◆ Your task
When you copy the listing, skip the images and return each line verbatim.

[[ Dataset content open ]]

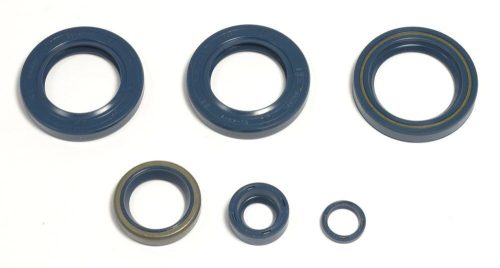 Athena Engine Oil Seals Kit P400270400051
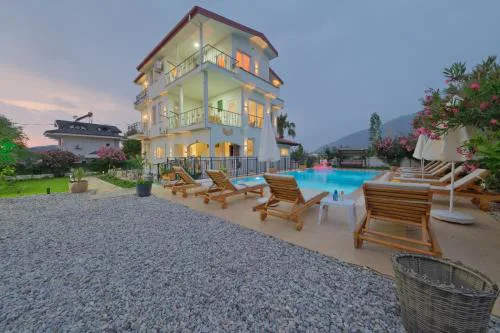 Tetra clover suites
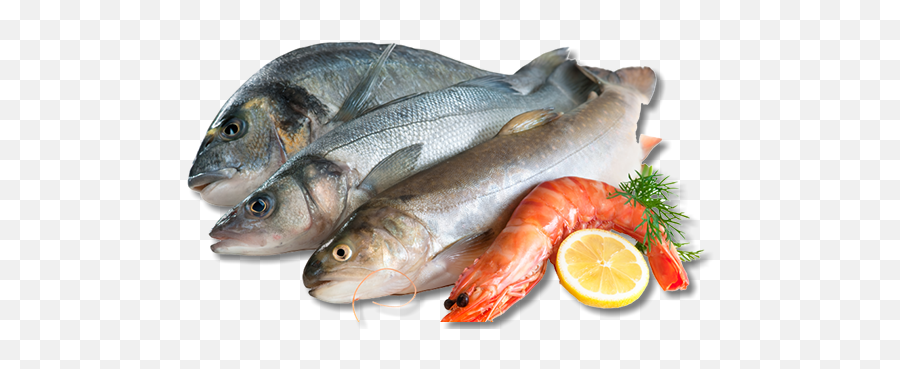 Download We Also Offer Complimentary Fish Frying At All Of - All Kind Of Fish Png Emoji,Poultry Meat Emoji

[[ Dataset content closed ]]

◆ Expected answer
 Athena Engine Oil Seals Kit P400270400051
 Tetra clover suites
 Download We Also Offer Complimentary Fish Frying At All Of - All Kind Of Fish Png Emoji,Poultry Meat Emoji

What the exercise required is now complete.